First of all, that our increasingly fast-paced world is becoming ever more reliant upon specialist skills areas and technical know-how, as organisations look to strengthen their hands in specific fields.
Secondly, that this is producing a wave of ever more technical job categories, replete with non-traditional-sounding titles that may, on the whole, seem a little confusing – even to those who, at best, sort of get the gist.
Thirdly, that a lack of knowledge about the markets that exist for our skills and talents may be preventing us from putting them to use in tangible and successful ways. There may be open goals out there that we’re not even aware of – jobs that could make perfect matches for our CVs, and bring in healthy salaries.
Textiles manufacturer Stormline had a bit of fun with this recently, publishing an online quiz on job titles that asked people to see if they could figure out which of a listed selection were real, and which were taken from Hollywood films.
According to its results, more than 75% of participants were unable to correctly identify whether the given titles were real or fictional, getting at least one wrong. Ironically, the real titles were quoted from the Home Office In-Demand list: a record of hard-to-fill jobs in the UK economy that the government advertises to stimulate interest from overseas professionals with the necessary skills.
Living in the future
There are two, crucial issues here. On the one hand, job titles – and job ads in general – could do with some serious de-cluttering on the jargon front. But on the other, applicants can’t just carry on in ignorance of the types of jobs that are developing out there in the employment landscape. They need to find out about them – just like I found out about the job types I listed at the beginning of this blog.
Amid the rapid growth of new technologies – whether we’re talking about software, or new hardware-based industries like 3D printing – the mantra that’s emerging from employers and workplace experts time and again is that, in five to 10 years’ time, the schoolchildren of today will be doing jobs that haven’t even been invented yet.
But this birth of new jobs in new technologies for a new era has already been underway for some time. Disciplines are now emerging that require an in-depth knowledge of two or more specialist fields that haven’t cross-pollinated to such a large extent before. For example, artificial intelligence is becoming a major force in the legal and accountancy sectors; as we speak, there’s a growing need for legal professionals and accountants who have more than a passing familiarity with sophisticated types of intuitive software. This is one of those moments when you realise you’re living in the future.

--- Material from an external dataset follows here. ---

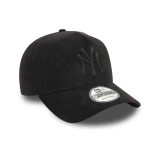 Καπέλο Μαύρο - New Era New York Yankees MLB Faux Suede 9FORTY E-Frame Εικόνα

Essentially, it’s not enough to simply accrue talents and skills. You have to know how they can be applied in practical terms, too.
I would therefore say that it’s incumbent upon professionals to research different job types in their specialist fields, and find out what those jobs involve. That will encourage individuals to think more carefully about how they could deploy their skills and insights within those jobs. Once armed with that knowledge, professionals may also find that they will begin to have more and more ideas about which existing skills they should hone and refine, and which new ones they should acquire. That will lead them to think about their learning and development in far more strategic ways.
In addition, if you nurture a habit of constantly keeping tabs on different job types, it’s unlikely that you will find job searches as alienating or off-putting as they can sometimes be if they’re done only every six or 12 months. The problem with that “every once in a while” approach is that whenever you dip back in after a long absence, the job titles and requirements would have moved on quite dramatically from the last time you checked.
This applies every bit as much to new entrants to the jobs market as it does to seasoned career-builders. I have always found it very interesting that when you ask any young person about their future career ambitions, they see their options as somewhat limited. The truth is, there are already tens of thousands of possible avenues to explore, with weird and wonderful new occupations being created every day.
It is better to find out what they are than get left behind.